Researcher Dr Mohammed Yaseen said: “This breakthrough technology has real potential to disrupt the fashion and textile industry and offers enormous environmental benefits, which could lead to a significant reduction in landfill waste for garments.”

Currently, around 40% of clothes purchased online are returned, with less than half being resold and the rest ending up in landfills or burned. By extending the life of a garment by three months, its carbon footprint is reduced by 10% and a second-hand purchase or rental garment saves 1 kg of waste, 3,040 liters of water and 22 kg of CO2.

The technology was developed alongside Glasgow-based ACS, which extends the life of used or damaged garments for some of the country’s biggest brands, through their sustainable repair, refurbishment and replacement service. textile cleaning.

Anthony Burns, COO of ACS Clothing, said: “Every piece of PPE presents a sustainability and recycling challenge. Many items were initially considered single-use because knowledge about sterilizing these items was not available. With sterilization technology, we hope to reverse much of this single-use problem.

Yaseen added, “The eco-friendly solution uses ozone gas to decontaminate fabrics, which in turn reduces water usage and avoids the negative environmental impacts of using detergents.

In 2020, researchers from the University of Manchester warned that the fashion industry needed to make urgent and fundamental changes to avoid devastating environmental damage.

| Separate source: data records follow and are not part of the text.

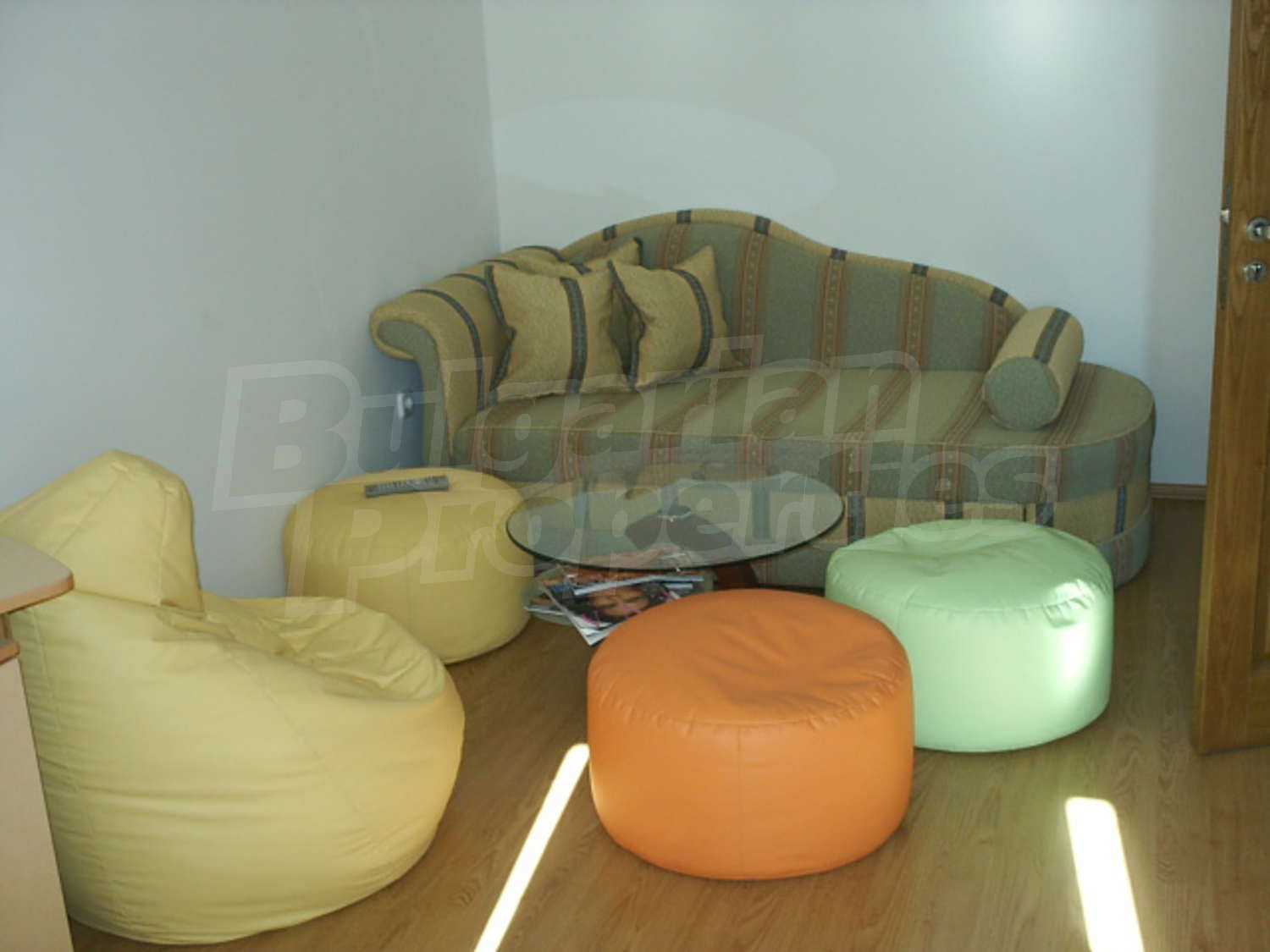 Gallery Picture 14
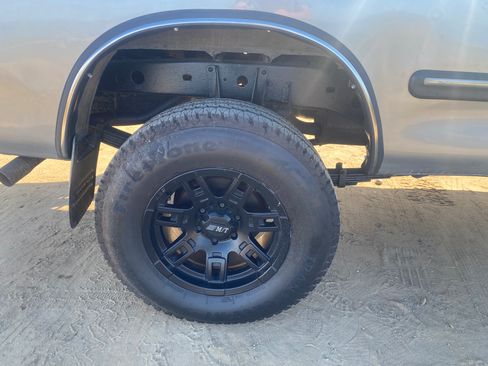 Used 2002 Toyota Tundra SR5 AWD/4WD image 10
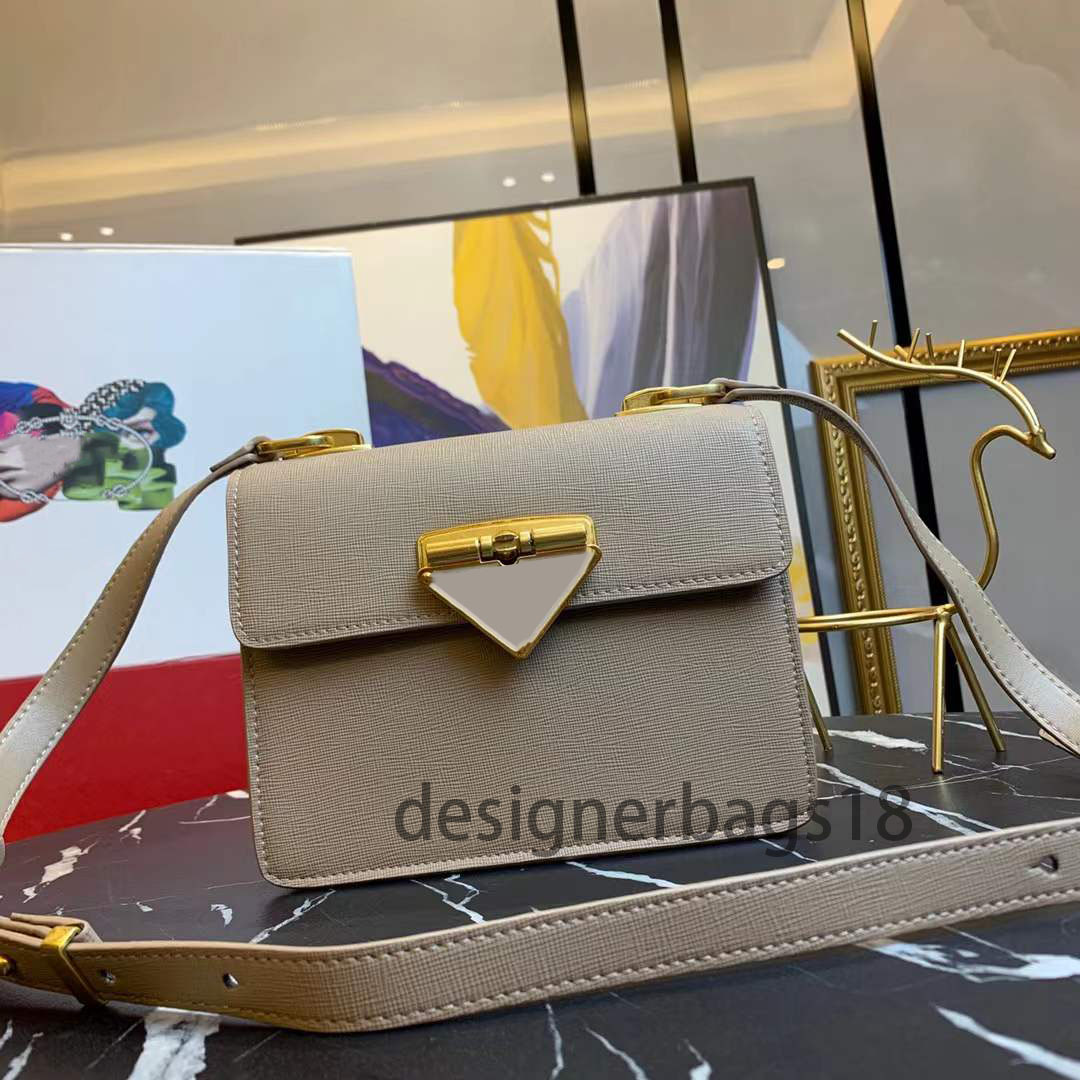 Fashion 9672 designer bags 2022 ladies luxury quality box bag handbag shoulder handbags Symble series style elegant pure skin material five
Fashion 9672 designer bags 2022 ladies luxury quality box bag handbag shoulder handbags Symble series style elegant pure skin material five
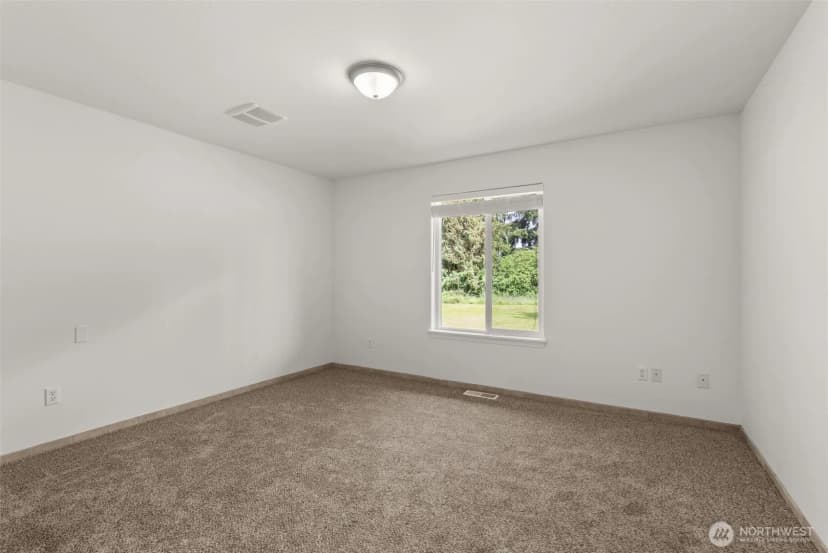 Property photo for 5 Martin Lane, Raymond photo 21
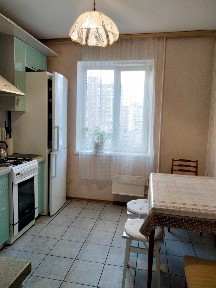 Київ, Мілославська вул., 31
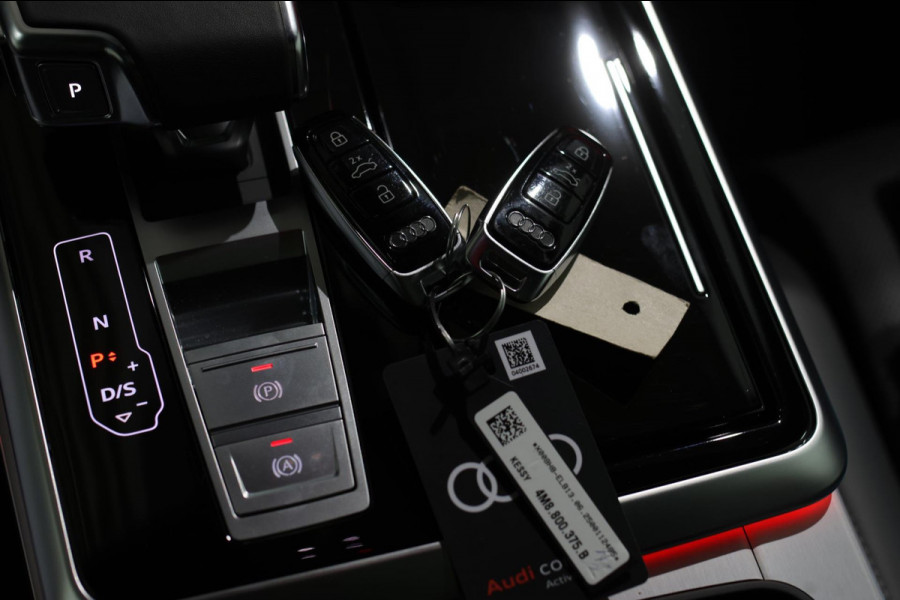 Audi Q8 60 TFSI e Quattro Competition *Pano*RS-Stoelen*B&O*4-Wiel besturing*360 Camera*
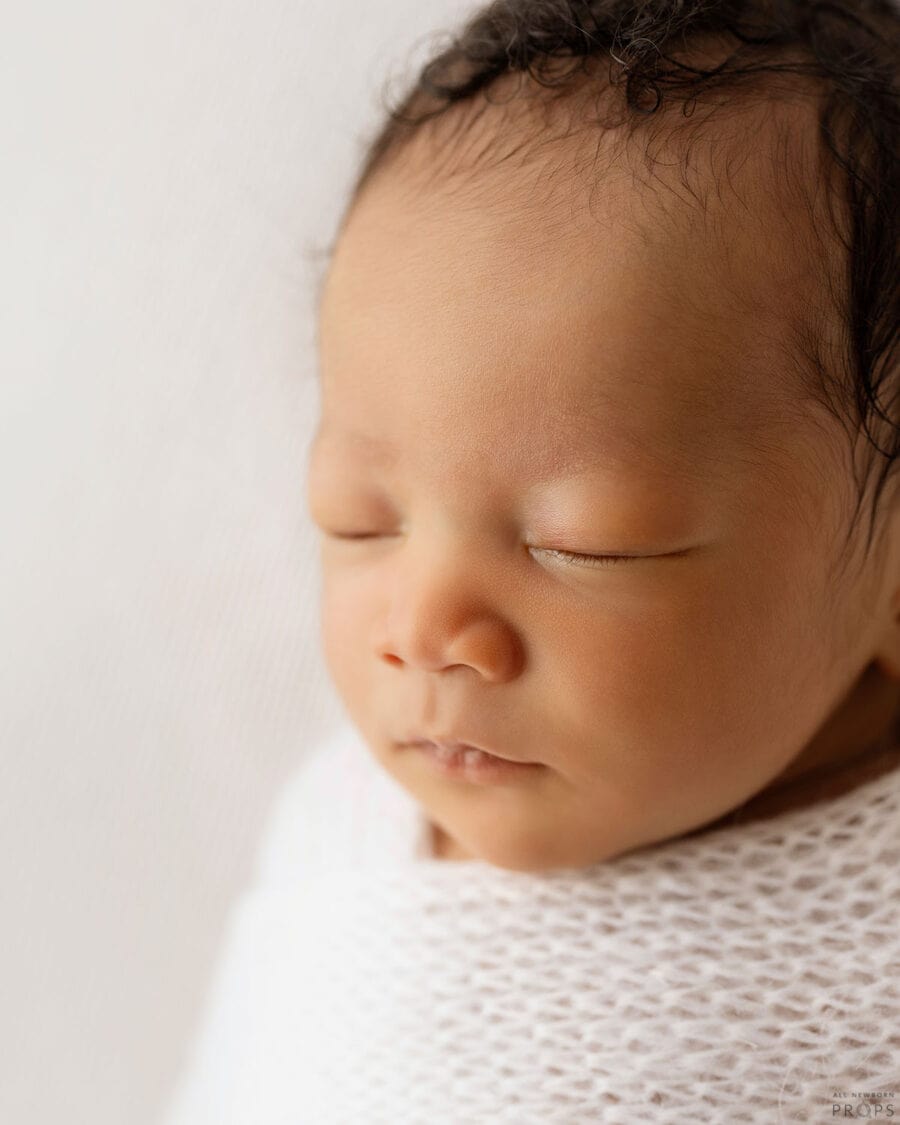 newborn-photography-wraps-props-white-knitted-boy-eu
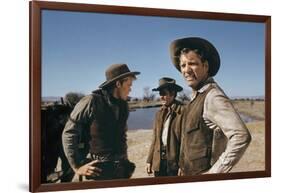 Le Vent by la Plaine THE UNFORGIVEN by JohnHuston with Doug McClure, Audie Murphy and Burt Lancaste-null-Framed Photo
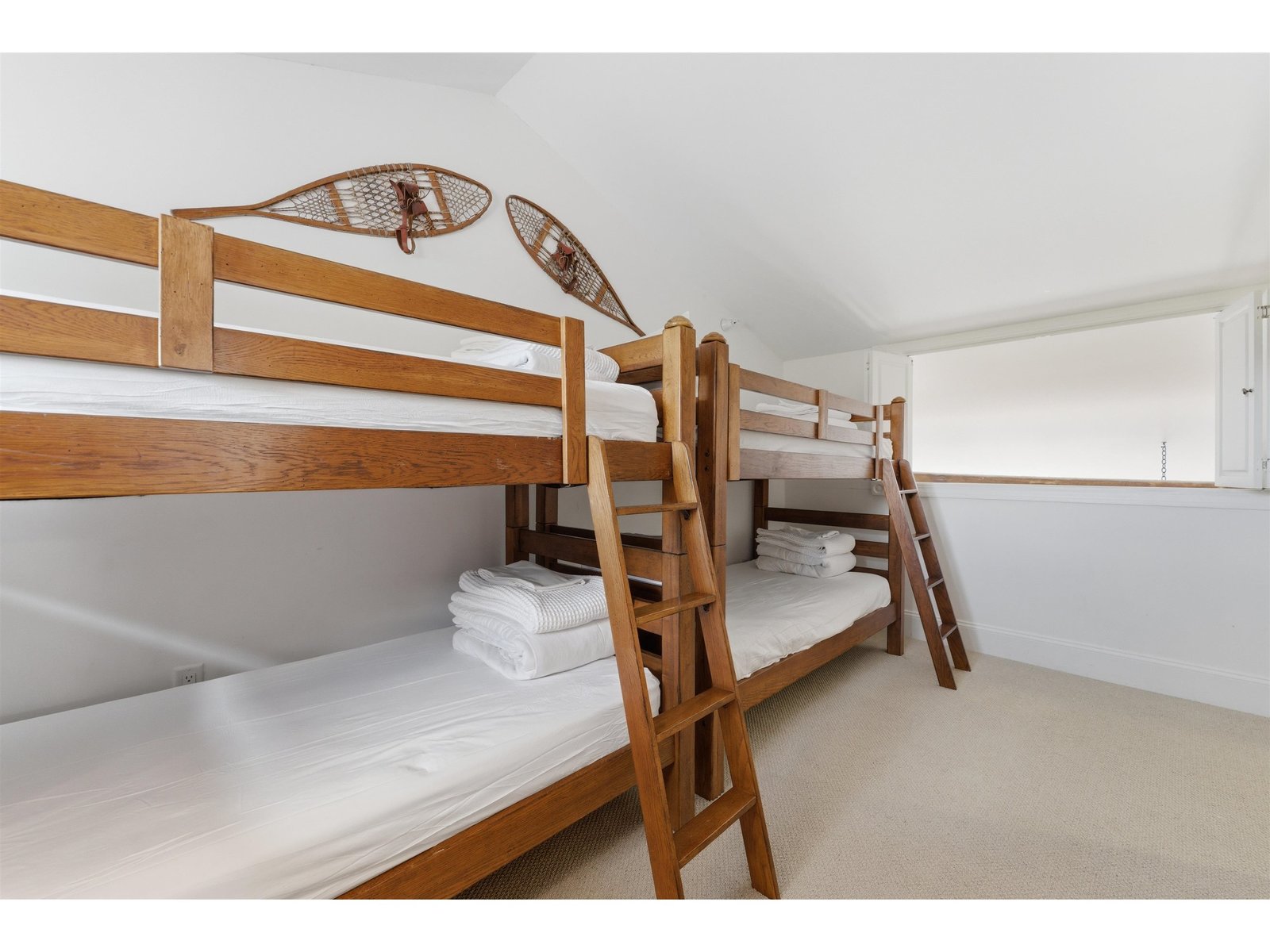 19 Village Lodge Road, Unit 409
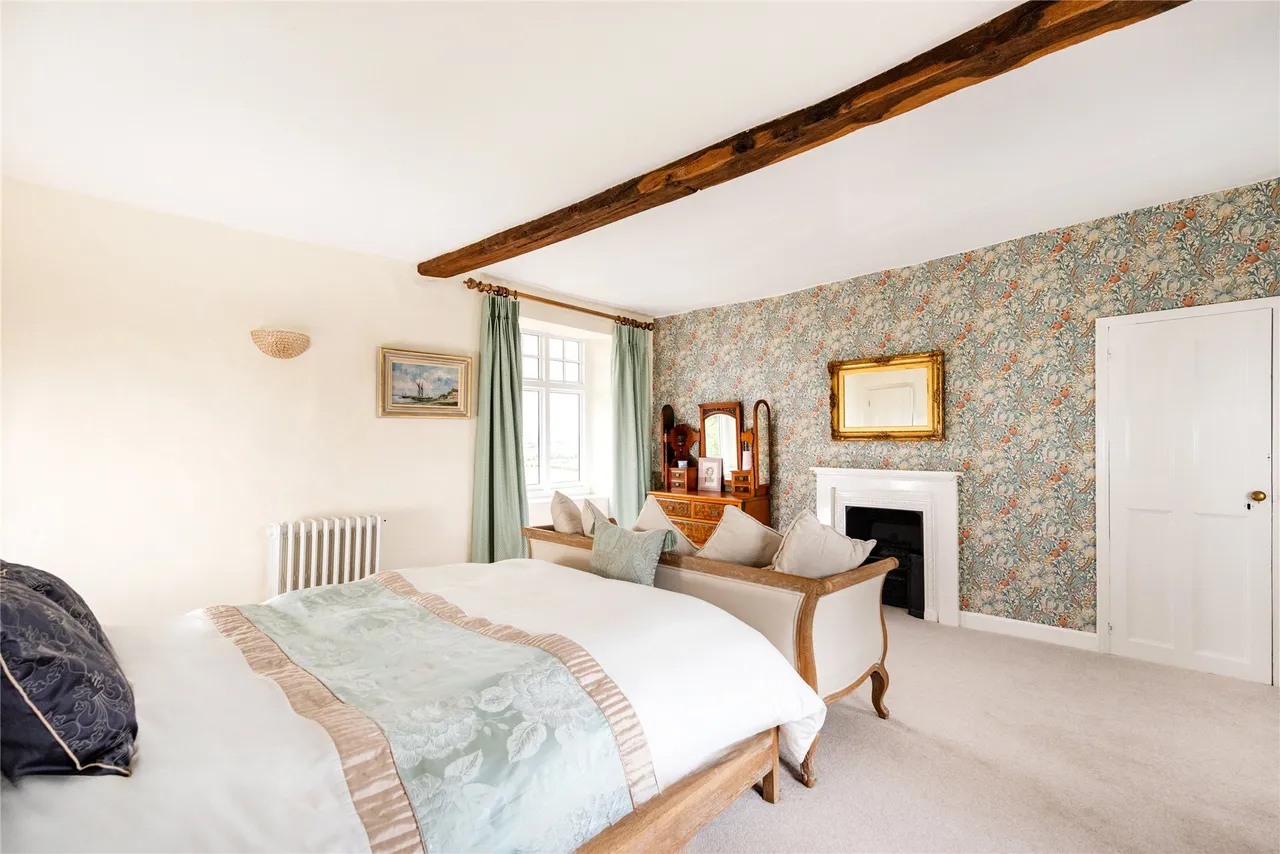 High Street, Great Doddington, NN29, photo 10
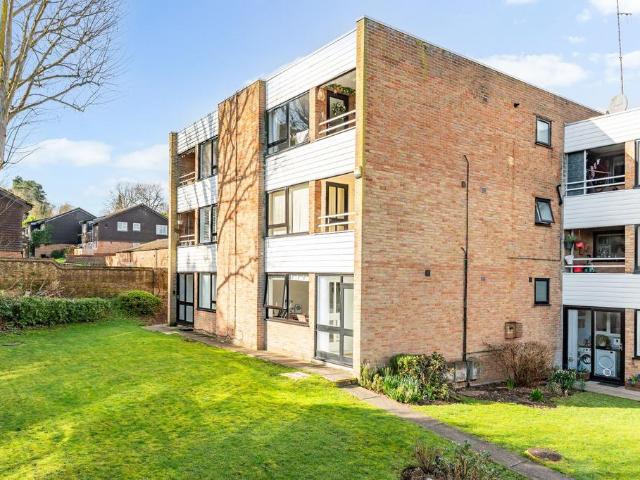 Flat for sale in Kings Hill, Colliers End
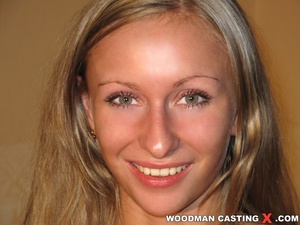 Hot close-ups of blonde girls form porn castings - Picture 2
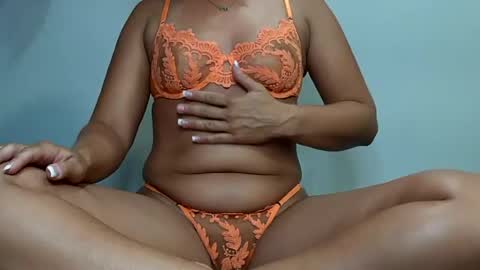 dirtythirtybabe01 online show from July 20, 5:43 am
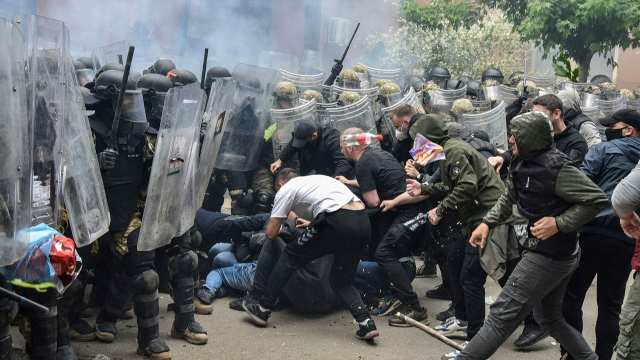 Son Dakika: Milli Savunma Bakanlığı, NATO'nun talebi üzerine bir komando taburunu Kosova'ya gönderiyor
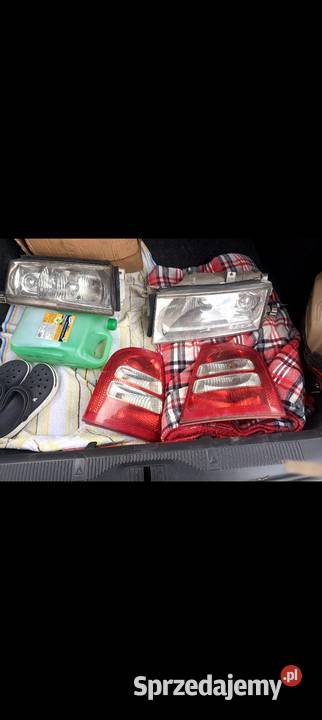 Lampy tył przód i kierunkowskazy skoda octavia 1 osobowe Końskie sprzedam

It is currently one of the biggest industrial polluters in the world and continues to grow, in part due to the rise of fast fashion. The British buy more clothes per person than any other European country, with only a limited amount of used clothes being reused or recycled; less than one percent of the materials used to produce clothes are recycled into new clothes.

Last year, researchers in the United States developed a new indigo dye technology that is supposed to be an environmentally friendly alternative to current methods.